INSTRUCTIONS FOR THE TASK: Once you find the line with "Nike Air Force" in the data that follows, repeat it and every line after it exactly, through the line with "430 Sebastian Dr, Grovetown, GA 30813".

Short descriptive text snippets
§ §
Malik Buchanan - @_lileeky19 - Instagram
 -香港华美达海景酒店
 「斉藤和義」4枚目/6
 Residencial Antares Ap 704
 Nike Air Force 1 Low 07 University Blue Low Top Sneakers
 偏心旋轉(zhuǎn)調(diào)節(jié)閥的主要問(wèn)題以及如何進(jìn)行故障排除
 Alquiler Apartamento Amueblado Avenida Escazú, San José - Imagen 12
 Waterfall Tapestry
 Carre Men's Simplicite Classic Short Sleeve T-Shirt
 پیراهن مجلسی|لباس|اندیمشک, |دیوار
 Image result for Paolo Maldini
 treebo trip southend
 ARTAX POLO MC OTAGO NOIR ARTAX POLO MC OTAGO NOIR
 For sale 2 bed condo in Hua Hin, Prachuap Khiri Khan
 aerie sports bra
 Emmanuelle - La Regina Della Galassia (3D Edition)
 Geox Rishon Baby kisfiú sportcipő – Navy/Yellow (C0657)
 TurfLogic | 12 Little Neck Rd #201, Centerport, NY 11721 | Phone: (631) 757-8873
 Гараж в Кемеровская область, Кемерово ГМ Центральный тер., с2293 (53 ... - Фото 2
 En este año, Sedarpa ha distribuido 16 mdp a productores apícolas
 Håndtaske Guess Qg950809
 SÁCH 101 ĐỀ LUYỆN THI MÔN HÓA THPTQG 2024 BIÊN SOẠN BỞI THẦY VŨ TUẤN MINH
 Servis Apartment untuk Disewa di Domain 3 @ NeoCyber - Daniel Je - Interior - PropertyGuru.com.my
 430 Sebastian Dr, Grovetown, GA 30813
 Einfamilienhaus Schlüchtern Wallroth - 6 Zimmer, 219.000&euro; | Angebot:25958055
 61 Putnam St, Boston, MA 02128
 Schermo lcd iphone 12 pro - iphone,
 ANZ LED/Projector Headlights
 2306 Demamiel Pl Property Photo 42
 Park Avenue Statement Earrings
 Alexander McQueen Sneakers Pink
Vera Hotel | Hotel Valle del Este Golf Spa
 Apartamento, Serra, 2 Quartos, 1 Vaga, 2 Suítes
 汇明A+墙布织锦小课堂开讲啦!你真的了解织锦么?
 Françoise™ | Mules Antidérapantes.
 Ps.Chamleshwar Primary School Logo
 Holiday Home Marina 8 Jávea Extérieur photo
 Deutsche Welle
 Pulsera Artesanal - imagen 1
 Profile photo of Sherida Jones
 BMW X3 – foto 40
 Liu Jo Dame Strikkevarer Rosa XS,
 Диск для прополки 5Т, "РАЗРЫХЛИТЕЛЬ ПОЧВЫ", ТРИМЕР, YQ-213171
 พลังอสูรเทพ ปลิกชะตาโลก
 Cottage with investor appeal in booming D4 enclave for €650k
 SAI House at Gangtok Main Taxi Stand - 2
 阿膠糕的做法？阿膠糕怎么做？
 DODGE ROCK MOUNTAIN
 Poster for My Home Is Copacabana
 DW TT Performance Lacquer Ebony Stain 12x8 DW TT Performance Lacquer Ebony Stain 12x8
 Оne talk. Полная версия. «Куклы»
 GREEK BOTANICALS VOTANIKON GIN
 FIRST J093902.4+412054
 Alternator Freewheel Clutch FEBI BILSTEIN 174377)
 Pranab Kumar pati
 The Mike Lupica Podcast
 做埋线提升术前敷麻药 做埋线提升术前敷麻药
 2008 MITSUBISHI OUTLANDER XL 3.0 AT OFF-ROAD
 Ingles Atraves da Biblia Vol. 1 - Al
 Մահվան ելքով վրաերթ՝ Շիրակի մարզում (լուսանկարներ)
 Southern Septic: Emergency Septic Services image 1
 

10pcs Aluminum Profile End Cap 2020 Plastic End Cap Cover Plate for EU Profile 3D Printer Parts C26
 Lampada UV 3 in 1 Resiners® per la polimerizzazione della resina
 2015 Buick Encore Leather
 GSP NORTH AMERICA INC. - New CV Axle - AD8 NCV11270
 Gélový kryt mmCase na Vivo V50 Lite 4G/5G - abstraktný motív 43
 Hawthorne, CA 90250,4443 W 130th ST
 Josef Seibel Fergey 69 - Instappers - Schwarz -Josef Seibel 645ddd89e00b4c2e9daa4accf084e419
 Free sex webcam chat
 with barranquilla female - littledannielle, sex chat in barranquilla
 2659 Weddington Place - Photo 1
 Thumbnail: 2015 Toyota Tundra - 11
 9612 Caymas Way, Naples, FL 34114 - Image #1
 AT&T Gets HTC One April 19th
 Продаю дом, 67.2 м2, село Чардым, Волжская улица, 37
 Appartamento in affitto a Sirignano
§ §
RESPONSE TO THIS EXERCISE:
 Nike Air Force 1 Low 07 University Blue Low Top Sneakers
 偏心旋轉(zhuǎn)調(diào)節(jié)閥的主要問(wèn)題以及如何進(jìn)行故障排除
 Alquiler Apartamento Amueblado Avenida Escazú, San José - Imagen 12
 Waterfall Tapestry
 Carre Men's Simplicite Classic Short Sleeve T-Shirt
 پیراهن مجلسی|لباس|اندیمشک, |دیوار
 Image result for Paolo Maldini
 treebo trip southend
 ARTAX POLO MC OTAGO NOIR ARTAX POLO MC OTAGO NOIR
 For sale 2 bed condo in Hua Hin, Prachuap Khiri Khan
 aerie sports bra
 Emmanuelle - La Regina Della Galassia (3D Edition)
 Geox Rishon Baby kisfiú sportcipő – Navy/Yellow (C0657)
 TurfLogic | 12 Little Neck Rd #201, Centerport, NY 11721 | Phone: (631) 757-8873
 Гараж в Кемеровская область, Кемерово ГМ Центральный тер., с2293 (53 ... - Фото 2
 En este año, Sedarpa ha distribuido 16 mdp a productores apícolas
 Håndtaske Guess Qg950809
 SÁCH 101 ĐỀ LUYỆN THI MÔN HÓA THPTQG 2024 BIÊN SOẠN BỞI THẦY VŨ TUẤN MINH
 Servis Apartment untuk Disewa di Domain 3 @ NeoCyber - Daniel Je - Interior - PropertyGuru.com.my
 430 Sebastian Dr, Grovetown, GA 30813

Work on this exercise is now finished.